New findings from academics revealed a severe vulnerability in Apple’s M-series chips, which could potentially enable malevolent actors the ability to access confidential encryption keys from MacBook devices.
The report — published on March 21 by a group of researchers from multiple United States-based universities — identified the vulnerability as a side channel exploit, which allows hackers to illicitly obtain end-to-end encryption keys when Apple chips execute commonly used cryptographic protocols.
However, unlike conventional vulnerabilities that can be remedied through direct patches, this particular issue is deeply rooted in the microarchitectural design of the silicon itself, making it “unpatchable.”
To properly address the flaw, third-party cryptographic software would need to be utilized and could severely hamper the performance of the Apple M-series chips, particularly the earlier iterations, such as the M1 and M2 chips.
These findings highlight a major flaw and challenge for Apple’s hardware security infrastructure. Hackers could intercept and exploit memory access patterns to extract sensitive information, such as encryption keys utilized by cryptographic applications.
The researchers labeled this type of hack a “GoFetch” exploit. The hack functions seamlessly within the user environment and requires only standard user privileges, similar to those needed by regular applications.
After the research surfaced, users in online Mac forums began to question whether or not there is now cause for major concern or necessary action regarding password keychains.

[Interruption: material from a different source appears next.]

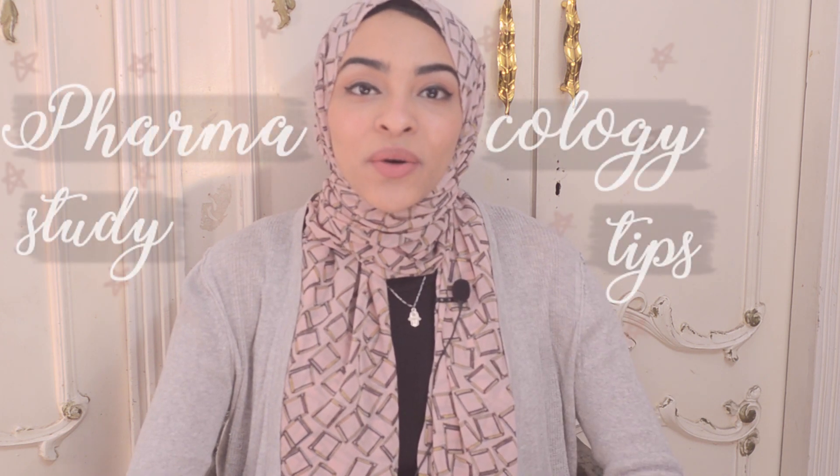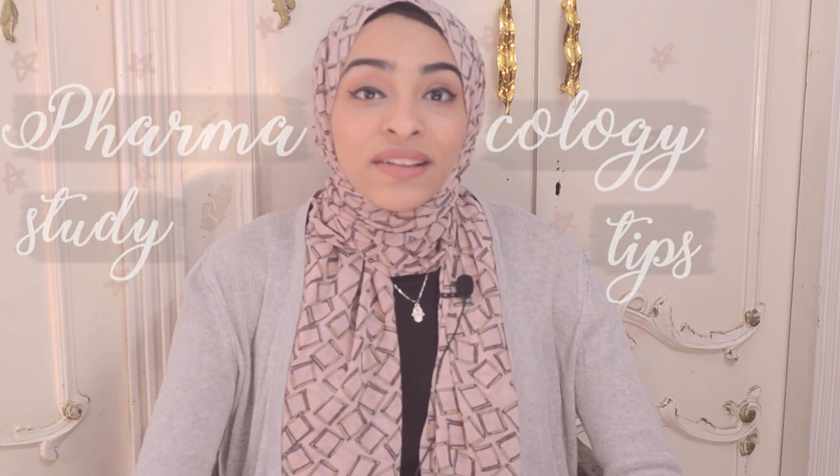Hi everyone, welcome back to a new video. Today is the day that I finally talk to you about how I study pharmacology. This video is not going to be about how to study pharmacology per se, but I'm going to be telling you how I managed to get high grades in pharmacology in pharmacy school through my study techniques that I'm going to be sharing with you guys.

One user said they believed that Apple would mitigate the problem within their operating system directly — if not, they would be “more worried.”
Another user said this flaw has been known to Apple for a while and pointed out that it could be why Apple’s M3 has “an added instruction to disable DMP.” The user said the previous research on the topic was called an “augury” and dates back to 2022.
This finding comes as Apple finds itself in an extensive antitrust lawsuit with the U. S. Department of Justice (DOJ), which claims its Apple App Store rules and “monopoly” illegally throttled competition and suffocated innovation.
The DOJ has also alleged that Apple severed access to competing digital wallets, which provide a “wide variety of enhanced features,” while blocking developers from delivering their own payment services to users.